Mary Jane Phillips – Heart Surgery Success Story

Guarding her heart:

A ‘shot in the dark’ surgical success means a bright future for Mary Jane Phillips

Mary Jane Phillips – Heart Surgery Success Story
“I’m glad we trusted Methodist Richardson, and we’d trust them again in a heartbeat.”
— Mary Jane Phillips, shown with her four grandchildren

As far as Mary Jane Phillips was concerned, breast cancer was a thing of her past. Then, she learned that her past breast cancer stood in the way of her current heart health.

She needed an ICD, or implantable cardioverter defibrillator. Typically, this small device is implanted by the left collarbone, and a wire is threaded through a large vein to the heart. If the heart stops or develops an irregular rhythm, the ICD sends a shock to restart or reset it.

But one look at Mary Jane’s veins, and Sumeet Chhabra, MD, cardiac electrophysiologist at Methodist Richardson Medical Center, knew there was no way a standard defibrillator would work. Chemotherapy and previous surgery had made the veins unusable.

Mary Jane remained positive.

“I just thought, whatever the next move is, I’m going to take it,” she says.

She never anticipated that the “next move” would be one never taken before.

A shot in the dark

Earlier this spring, Dr.

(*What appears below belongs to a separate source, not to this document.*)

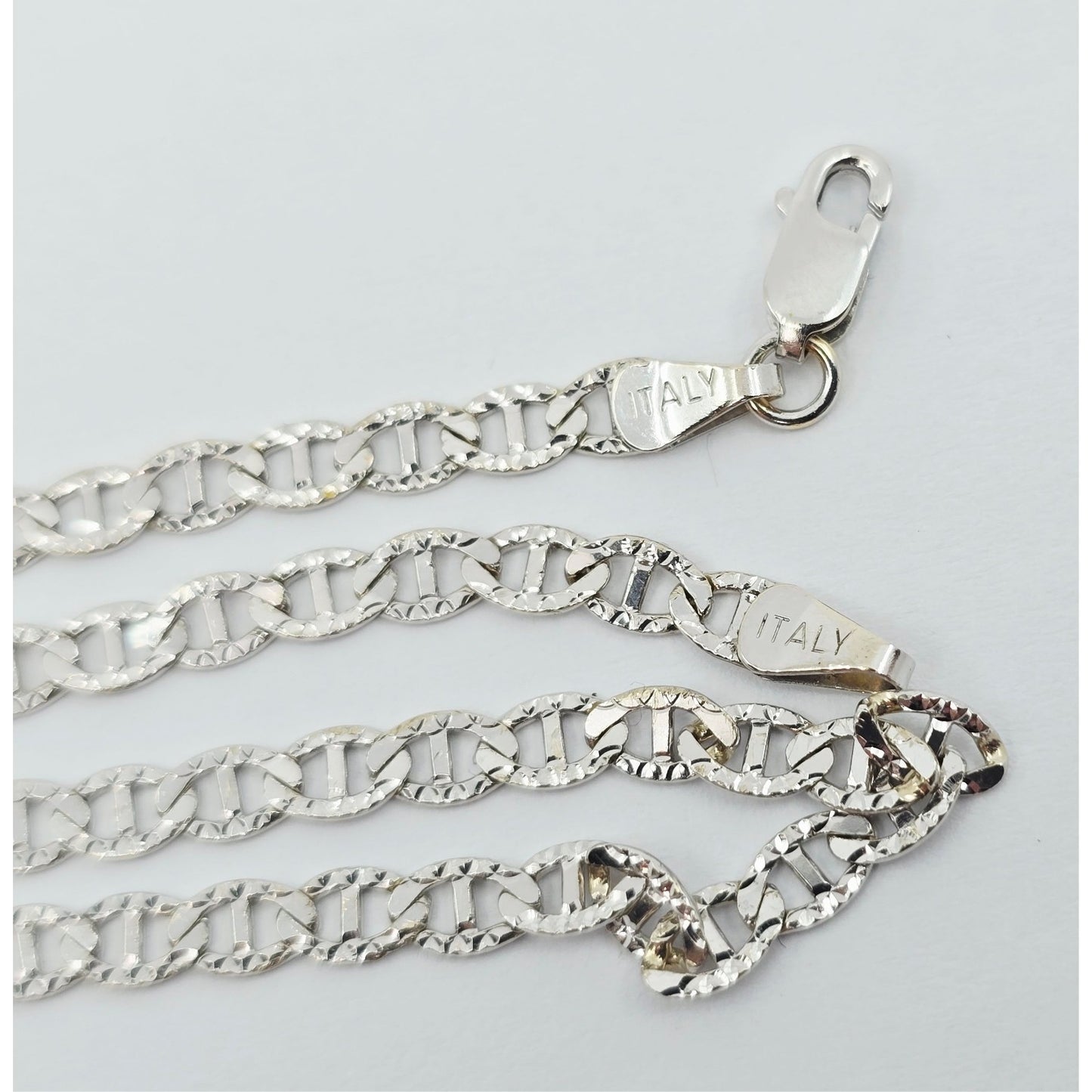 14K White Gold Diamond Cut Anchor Mariner Link Chain Necklace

Chhabra began considering the EmblemTM S-ICD System by Boston Scientific for Mary Jane. It had only been approved for use in the U.S. since April 2014, and only about 5,000 had been implanted around the world and only a handful in Dallas at the time.

What makes this ICD unique is that it’s implanted on the person’s left side, and the wire is threaded under the skin, not through a vein, to the breast bone.

“The wire has to be in the right spot, or it won’t be able to shock the heart out of unstable heart rhythms or cardiac arrest,” Dr. Chhabra says, sharing his concern about navigating the wire around Mary Jane’s reconstructed breasts. “If we inadvertently damage a breast implant with the wire, that’s an emergency. For a survivor who thinks breast cancer is behind her, it would be psychologically traumatizing to have to face another breast surgery.”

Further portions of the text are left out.